Diposting oleh 2026-07-20
Foto melalui Riot Games Pelatih FlyQuest Brandon “Saintvicious” DiMarco telah berpisah dengan tim League of Legends menyusul kata-kata kasar tentang kesehatan mental.
Saat streaming pada Jumat malam, Saintvicious mengoceh tentang masalah kesehatan mental, menyebut depresi dan kecemasan "omong kosong yang dibuat-buat." Komunitas Liga segera merespons dengan kaget bahwa Saintvicious, seorang pelatih yang ditugasi dengan para pemain muda terkemuka, dapat berbicara begitu tidak berperasaan tentang masalah kesehatan mental. “Cara dia secara terang-terangan dan bodoh membicarakannya memuakkan,” tulis Jungler Schalke 04 Esports Jonas “Memento” Elmarghichi di Twitter.
Terkait: Saintvicious membuat pernyataan kontroversial tentang depresi -stream
FlyQuest mengeluarkan pernyataan Sabtu malam untuk mengumumkan pengunduran diri Saintvicious. “FlyQuest sangat menghargai kerja keras dan wawasan yang telah diberikan Brandon selama setahun terakhir,” tulis perwakilan FlyQuest. “Kami berharap dia baik-baik saja dikarirnya dan tahu bahwa dia akan mampu bersinar dalam setiap kesempatan yang diberikan kepadanya.”

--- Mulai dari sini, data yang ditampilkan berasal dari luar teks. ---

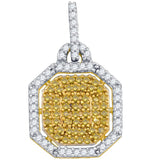 1-2CTW-Diamond YELLOW MICRO-PAVE PENDANT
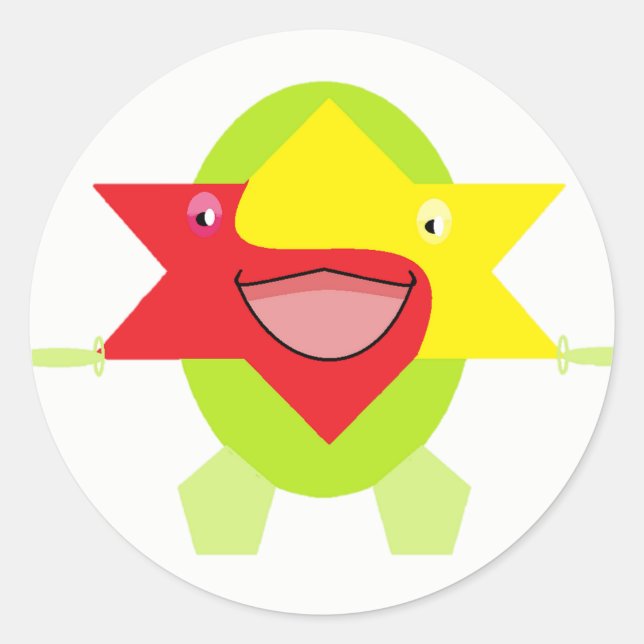 Adesivo Redondo Crianças utilatas Art Design Funny Fantasy Star Fi (Frente)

Saintvicious memposting pernyataan ke Facebook sesaat sebelum FlyQuest mengumumkan pengunduran dirinya. Dia meminta maaf atas pernyataan "serius tidak pengertian" yang dia buat saat streaming. "Saya ingin meminta maaf atas kesalahan saya, baik untuk kata-kata saya dan sikap umum saya terhadap masalah kesehatan mental," tulis Saintvicious. “Ini adalah pengalaman yang sangat merendahkan bagi saya. Saya terkejut menyadari betapa tidak tahunya saya tentang kesehatan mental, terutama karena itu adalah bagian penting dari tanggung jawab saya sebagai pelatih.”
Tim League of Legends akan beroperasi di bawah kepemimpinan pelatih David “ polisi” Roberson dan pelatih Akademi FlyQuest Gabriel “Balikkan” Zoltan-Johan “sampai pemberitahuan lebih lanjut,” menurut pernyataan FlyQuest.
Komunitas League of Legends sejak itu terlibat dalam diskusi yang lebih luas tentang kesehatan mental dalam esports . Tokoh esports telah maju untuk membahas kesehatan mentalpublik, termasuk kastor OGN Max "Atlus" Anderson. "Jangan menganggap orang lain baik-baik saja karena Anda baik-baik saja," tulisnya di Twitter. “Terapis saya harus memberi tahu saya lebih dari yang Anda bayangkan bahwa kita tidak lemah untuk merasakan apa yang kita lakukan dalam sebagian besar hidup kita. Kita bisa mengelolanya tetapi kita tidak boleh mengabaikan depresi.”